Ma la democrazia è un’altra cosa. La democrazia è il confronto fra ignoranti, come si suol dire. Anche perché, in fondo, ignoranti lo siamo praticamente tutti, anche se a diversi livelli, con rarissime eccezioni che si contano sulle dita di due mani in tutta la storia dell’umanità.
Ma non c’è dubbio che la pressochè quasi totalità degli esseri umani non sappia nulla di quasi tutto. Eppure su quasi tutto si esprime, come è normale e giusto che sia. Certo, su alcuni argomenti di natura prettamente scientifica sarebbe meglio astenersi e lasciar parlare solo e soltanto i competenti. Ma non c’è dubbio che anche in questo caso, una volta ascoltati doverosamente i pareri degli esperti, debba essere il dibattito democratico, cioè la Politica, ad esprimersi e a prendere decisioni.
Da tempo invece, come dicevo, assistiamo ad una pericolosa tendenza, e cioè quella che sostiene più o meno tacitamente e in diversi casi esplicitamente che ad occuparsi delle varie questioni debbano essere solo e soltanto gli specialisti. E questo non vale, ovviamente, solo per le materie scientifiche ma anche per la filosofia, l’economia, la politica.
E’ un processo – in buona parte già avvenuto – che sta pericolosamente portando dalla democrazia (pur con tutte le sue contraddizioni strutturali che ben conosciamo) alla tecnocrazia. Alla guida dei governi, così come fra i ministri, avremo sempre più “tecnici”, per lo più del tutto estranei alla “carne e al sangue” della battaglia politica e sociale.

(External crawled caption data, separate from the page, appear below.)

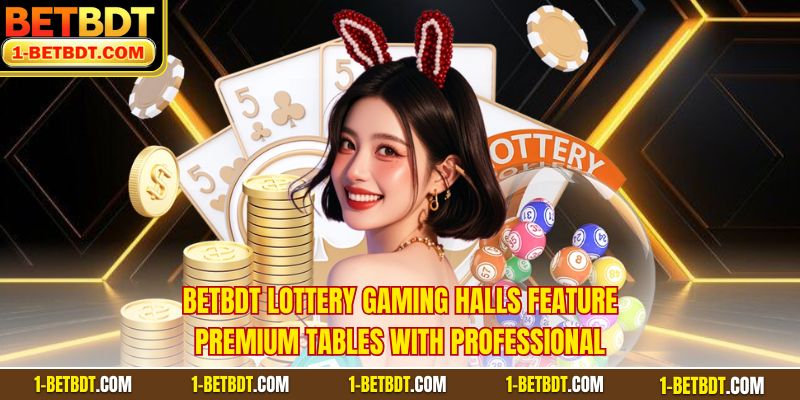 BETBDT Lottery gaming halls feature premium tables with professional  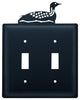 Loon Double Switch Cover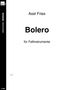 Axel Fries: Bolero, Noten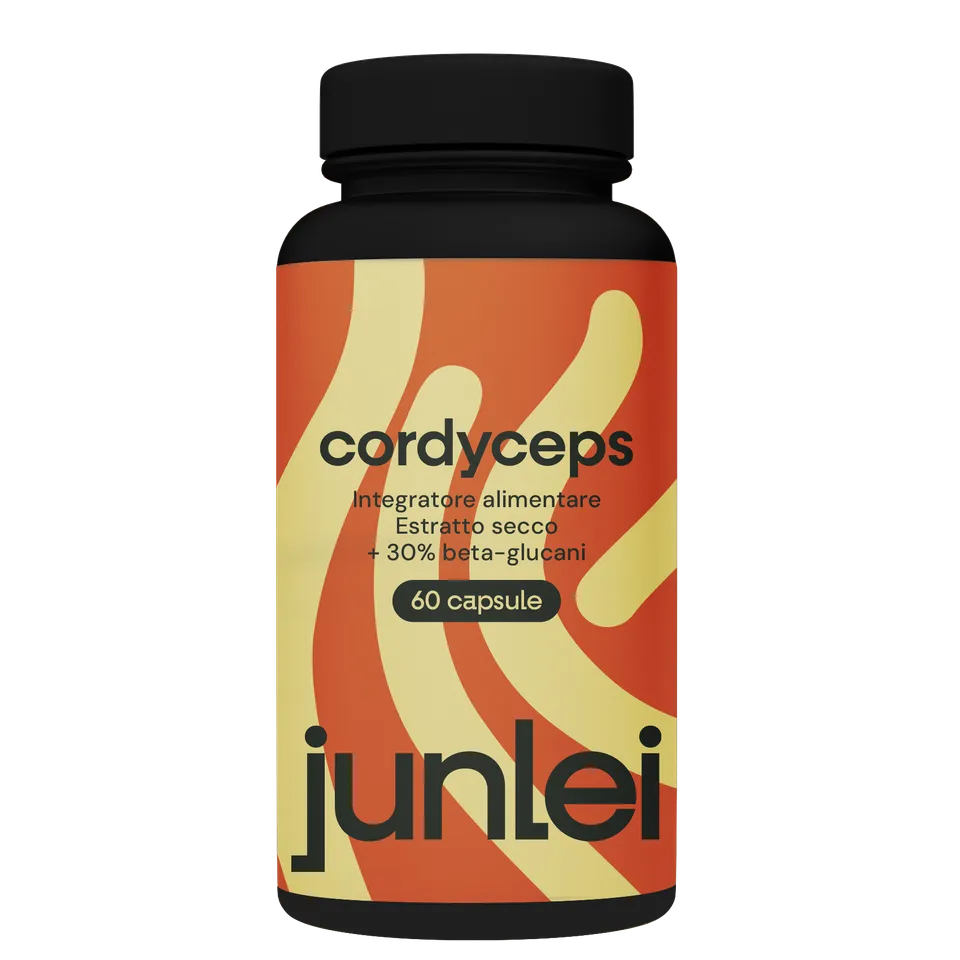 Junlei Cordyceps capsule vegane energia naturale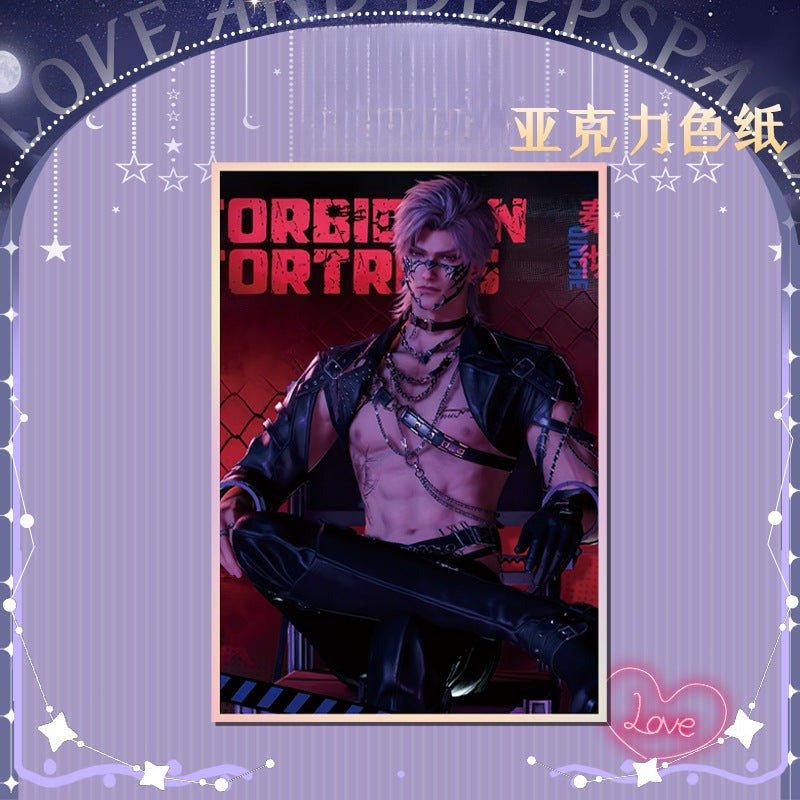 LaDS Acrylic Art Card 116-178 Large Size Holographic Edge 20.5*14.5cm Anime Merchandise - merrys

Si tratta di una concezione che si fonda su una sostanziale delegittimazione della Politica stessa, svuotata del suo più alto significato per essere ridotta e concepita come luogo di corruzione, di mero intrigo ma, soprattutto, di promozione di individui mediocri che fuori dell’ambito politico vivrebbero nella più totale e insignificante oscurità. E in effetti, oggi, è in larghissima parte così.
Ma questo – il livello penoso e desolante dell’attuale classe politica – è dovuto, appunto, a questo processo di lucida delegittimazione sostenuto dalle classi dominanti che non hanno più alcun bisogno della mediazione politica, cioè dei partiti e dei sindacati, ormai neanche più la pallida ombra di ciò che erano e rappresentavano per lo meno fin verso la fine degli anni ’70 del secolo scorso. Del resto, il crollo del comunismo, la scomparsa del movimento operaio, la fine di ogni conflittualità e quindi della dialettica non poteva che portare ad un impoverimento e anche ad un imbarbarimento della società. Qualsiasi contesto sociale, privo di dialettica, è destinato a morire, anche se questo, paradossalmente, non comporta necessariamente la sua fine o il suo superamento.
Siamo entrati ufficialmente nell’era tecnocratica, del dominio del Capitale e della Tecnica.